Sécuriser les matériels
Surtout, malgré les appels insistants à l'unité venus de la Maison-Blanche et de l'Otan, l'engagement électoral de François Hollande à retirer les troupes françaises en décembre 2012 - un an plus tôt que le calendrier accepté par Nicolas Sarkozy - a bousculé l'édifice diplomatique qui avait été préparé de longue date. Les Américains n'ont pas caché l'embarras dans lequel les mettait la décision de Paris, au moment où ils tentent au contraire de freiner les velléités de départ des pays de la coalition et de prouver la solidité de leur engagement futur. Pour l'ancien ministre de la Défense Gérard Longuet, c'est une «mauvaise décision» et même une position «intenable», sur laquelle il serait bon de revenir «au nom de l'intérêt supérieur de notre pays». «L'idée clé, c'est qu'en dépit de la décision nationale qui peut être prise, on est membre de l'Alliance: on entre ensemble et on sort ensemble», notait jeudi le conseiller à la sécurité nationale du président Obama, Thomas Donilon.De part et d'autre, on a donc tout fait en coulisses pour déminer le terrain et maintenir un compromis de façade. Tout en confirmant qu'il maintiendrait sa décision, «un acte de souveraineté», François Hollande a expliqué samedi après le sommet du G8 qu'il organiserait le retrait anticipé «en bonne intelligence avec nos alliés». «La position française a été comprise… Ce sera un sommet de consensus», a dit le nouveau ministre de la Défense, Jean-Yves Le Drian, réfutant l'idée d'un «scénario de rupture».
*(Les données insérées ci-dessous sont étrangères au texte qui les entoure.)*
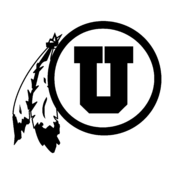 Utah Utes Logo Black and White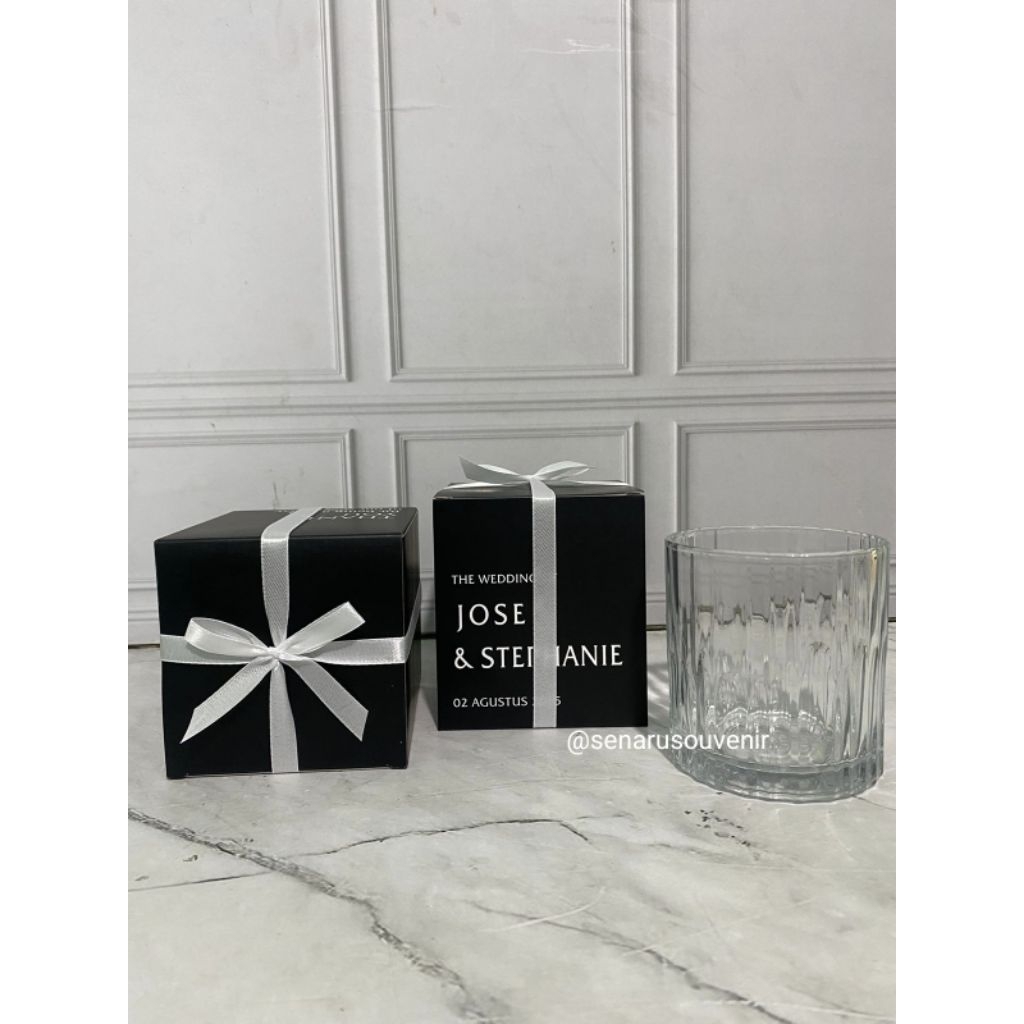 Souvenir Gelas Picca Custom kemasan box custom (laminasi doff)
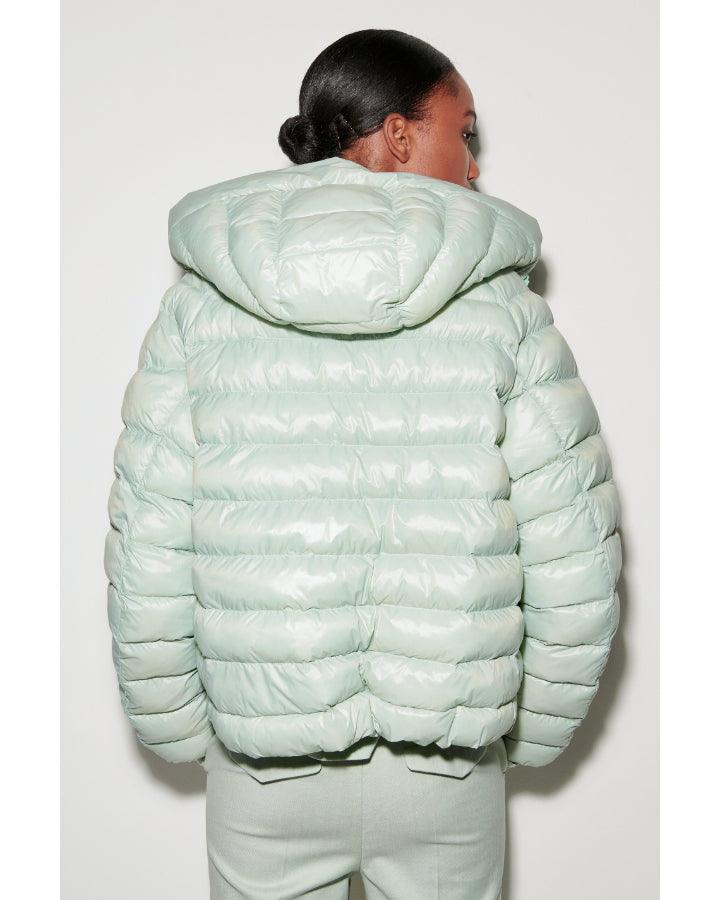 Luisa Cerano - Hooded Spring Weight Puffer Coat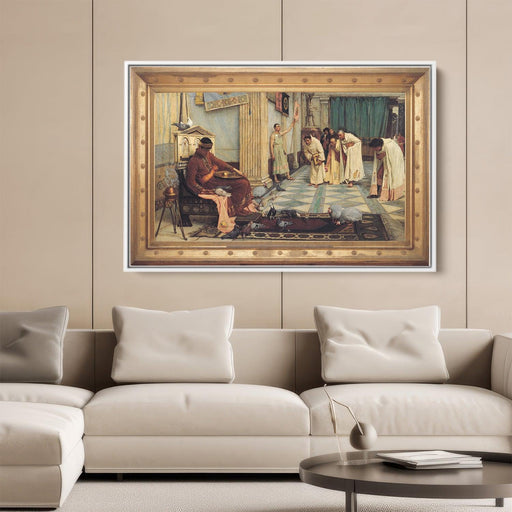 The favourites of Emperor Honorius by John William Waterhouse - Canvas Artwork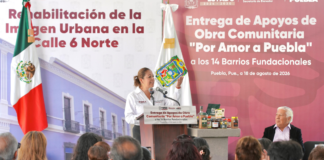 Laura Artemisa resalta inversión para rescatar barrios de Puebla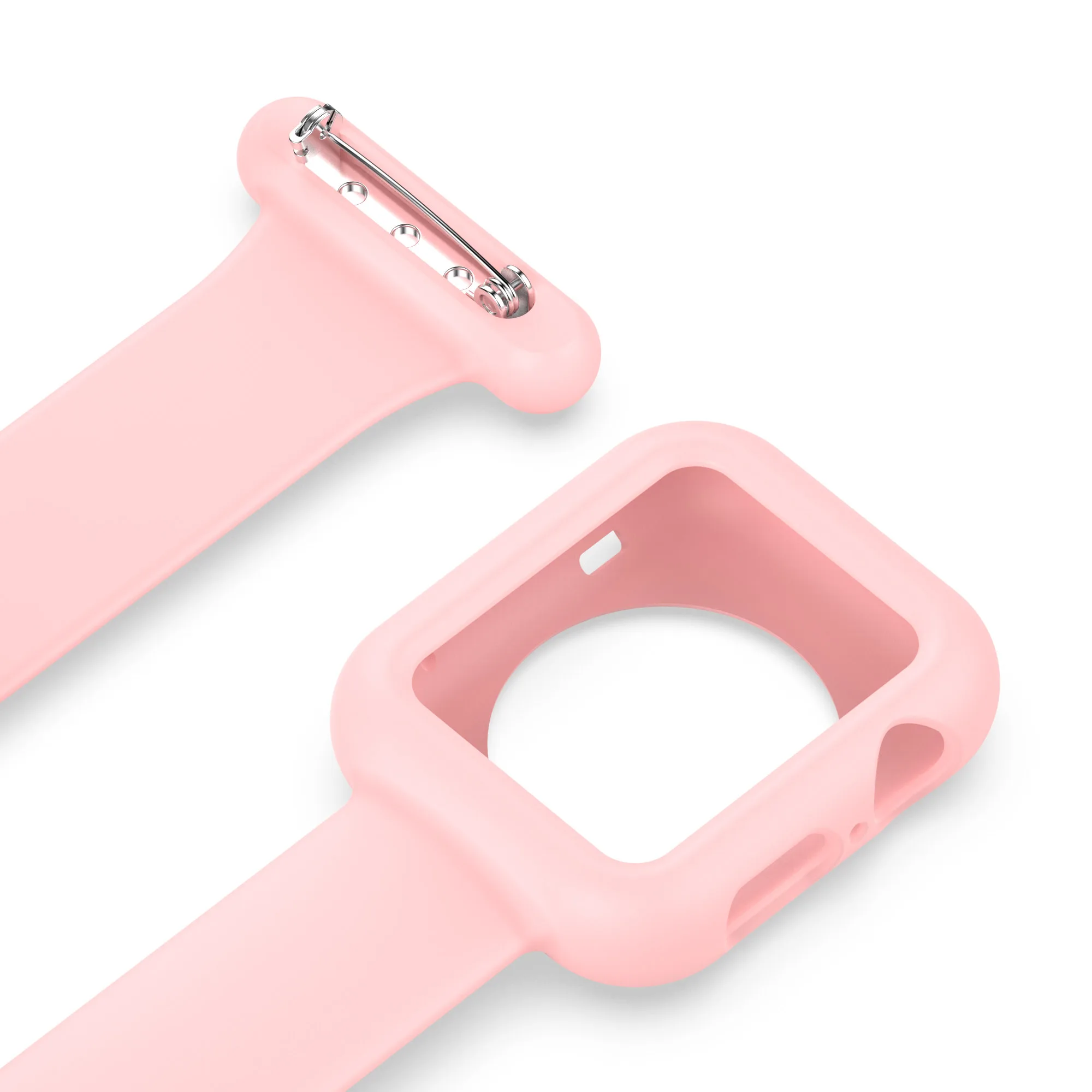 Фото Новый силиконовый ремешок-брошь для Apple Watch 7/6/5/4/3/2/1 поколения 42/44/45 мм Универсальный доктор медсестра PocketWatch HangingWatch №3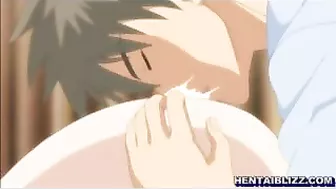 Japanese Anime Porn - Busty Hentai Cutie Gets Licked and Fingered until she cums!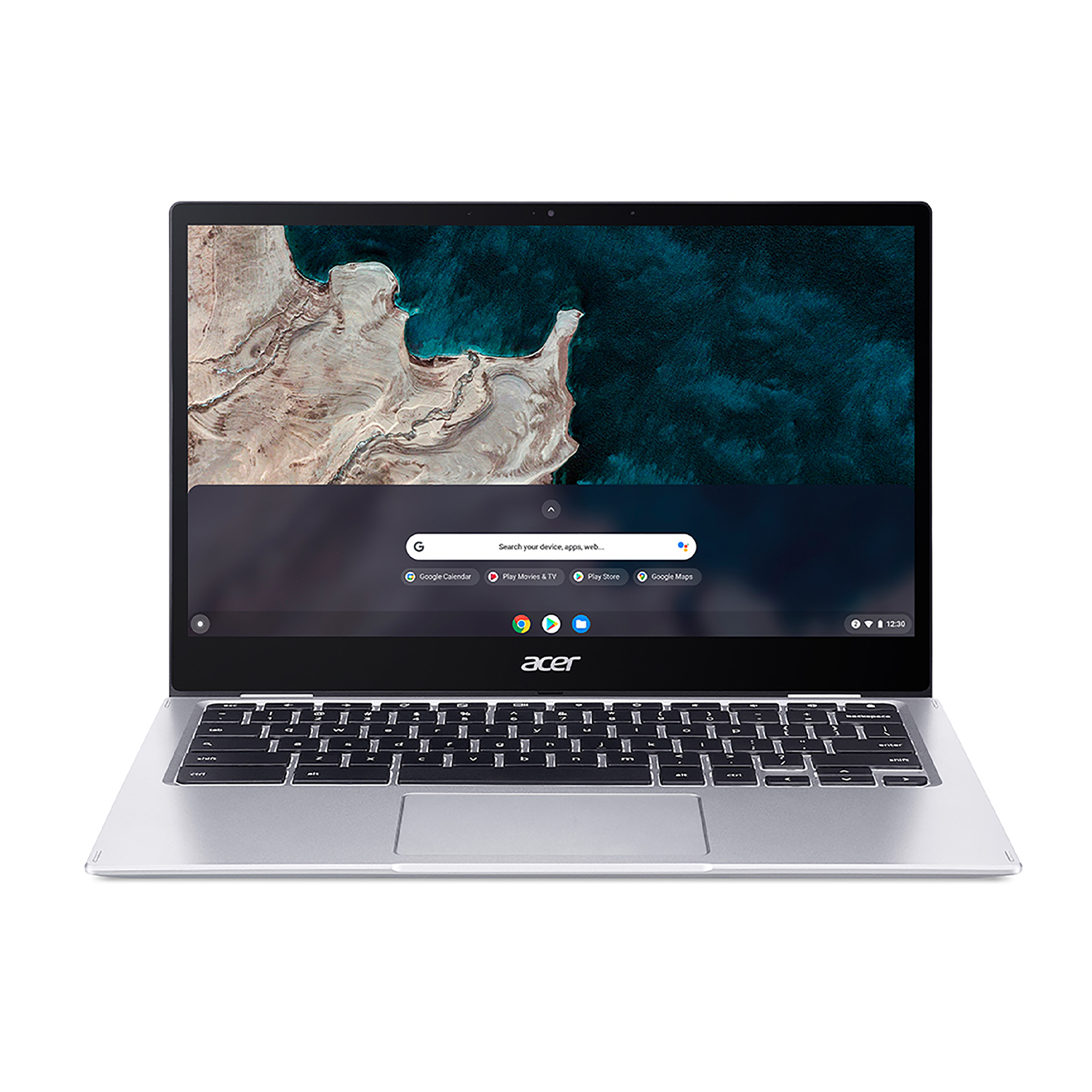 Acer Chromebook Spin 513 Cp513, 13,3 pollici, processore Qualcomm Snapdragon SC7 180 Sc7180, Qualcomm Adreno 618, 4 GB, 64 GB eMMC, Silver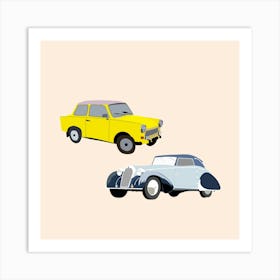 Vintage Cars Art Print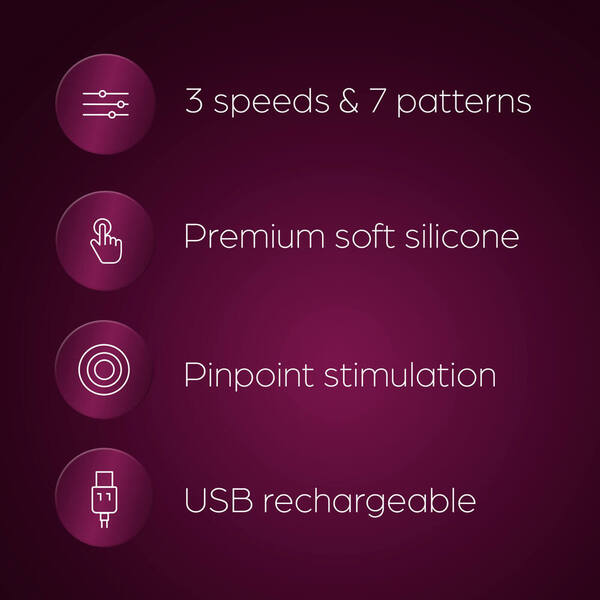 So Divine bullet vibrator rechargeable silicone, UK version
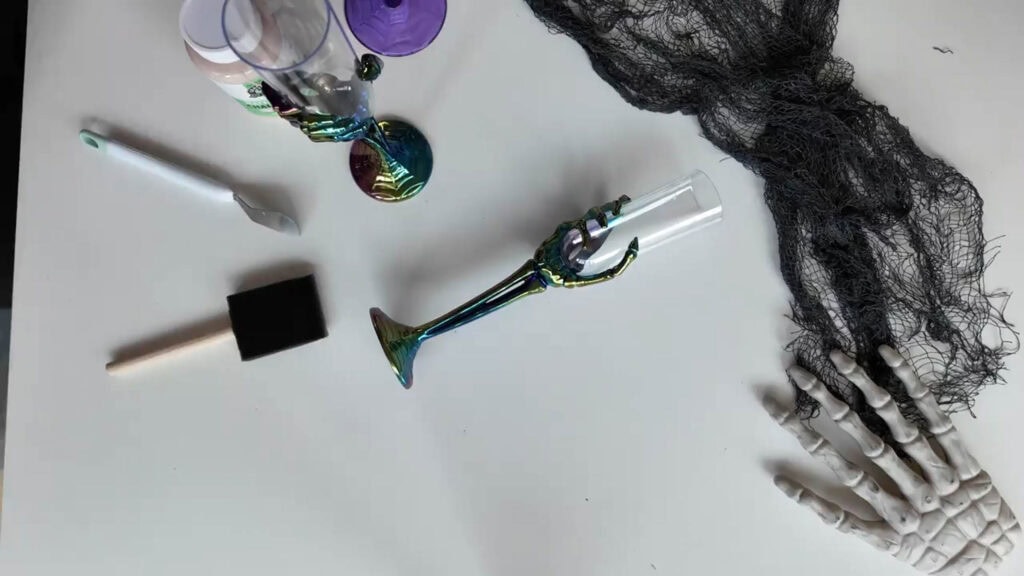 skinny skeleton cup decor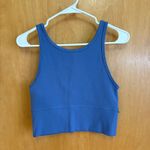 Lululemon  Align V Neck Tank Top Blue Cropped Athletic Yoga Workout Women Photo 0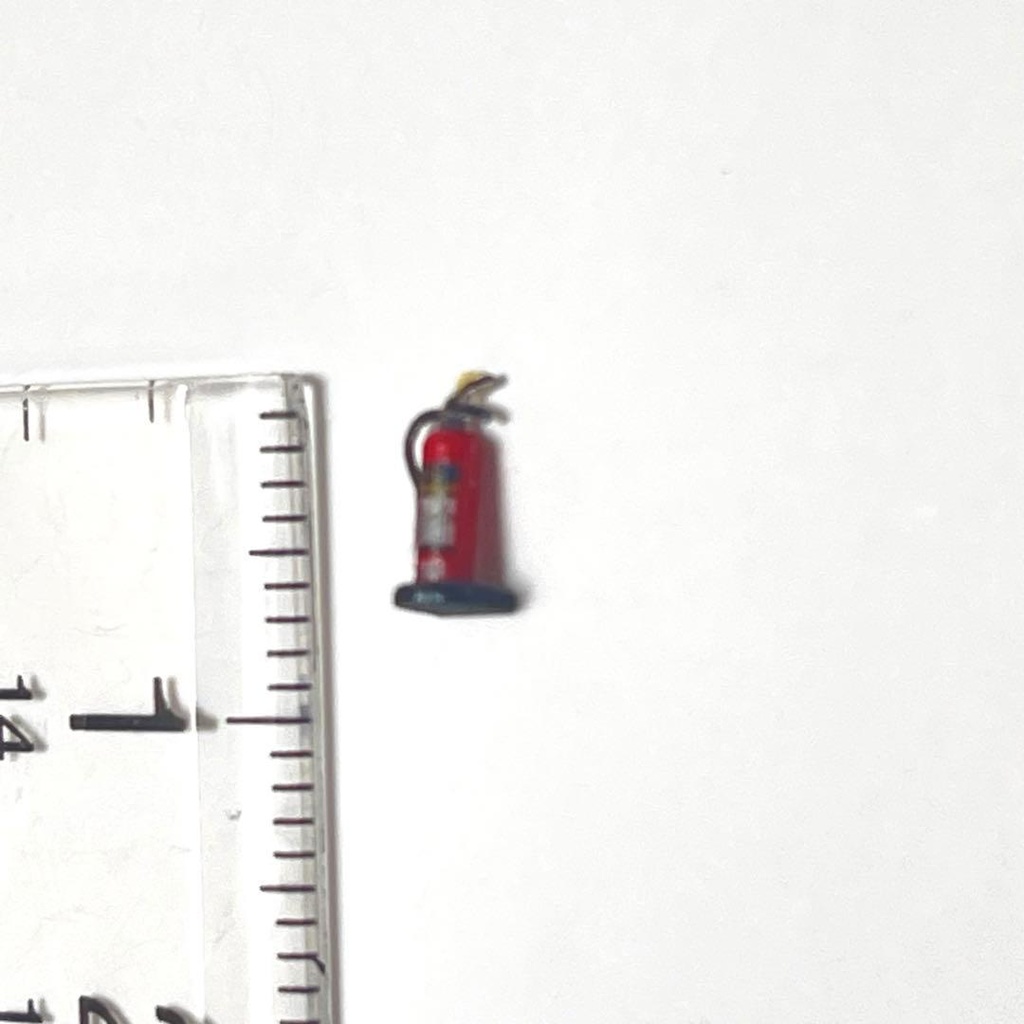 HOゲージ 消火器 台付き ミニチュア ジオラマ レイアウト 鉄道模型 ミニチュアイメージ 住宅模型 3D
La guerre se conjugue déjà au passé
En réalité, le nouveau président a largement tempéré sa promesse électorale, pour des raisons autant techniques que diplomatiques. Concrètement, seules les troupes combattantes quitteront l'Afghanistan dans les délais imposés. Et encore, pas toutes, car des «forces résiduelles» devront rester sur place pour sécuriser le retrait des matériels. Sans s'engager sur les chiffres, qui seront négociés par le chef d'état-major de l'armée française et le commandant américain de la coalition en Afghanistan, le ministre Le Drian a confirmé le maintien de contingents pour des missions de formation de l'armée et de la police: «Cela ne veut pas dire que nous quittons la coalition, mais notre présence sera différente.» Sans le dire, l'équipe Hollande reprend en fait à son compte - à trois mois près - le calendrier de son prédécesseur. Beaucoup de bruit pour rien?Si l'épisode aurait pu être évité, il ne devrait cependant pas peser si lourd sur la relation franco-américaine. Les Français ont bien pris soin, comme le leur avaient demandé les Américains, de ne pas tenter d'entraîner à leur suite les autres pays contributeurs de troupes. Surtout, la guerre d'Afghanistan se conjugue déjà presque au passé en Amérique. Les États-Unis s'interrogent sur la dimension du contingent qu'ils laisseront après 2014. Leur souci est de s'assurer que les alliés contribueront au maintien sous perfusion de l'armée afghane, évalué à environ 4,1 milliards de dollars par an, dont Washington assurerait près de la moitié. N'en déplaise aux opinions publiques fatiguées de la guerre, si l'Afghanistan replongeait dans le chaos, ce serait un coup très dur pour l'Alliance et ses futures missions.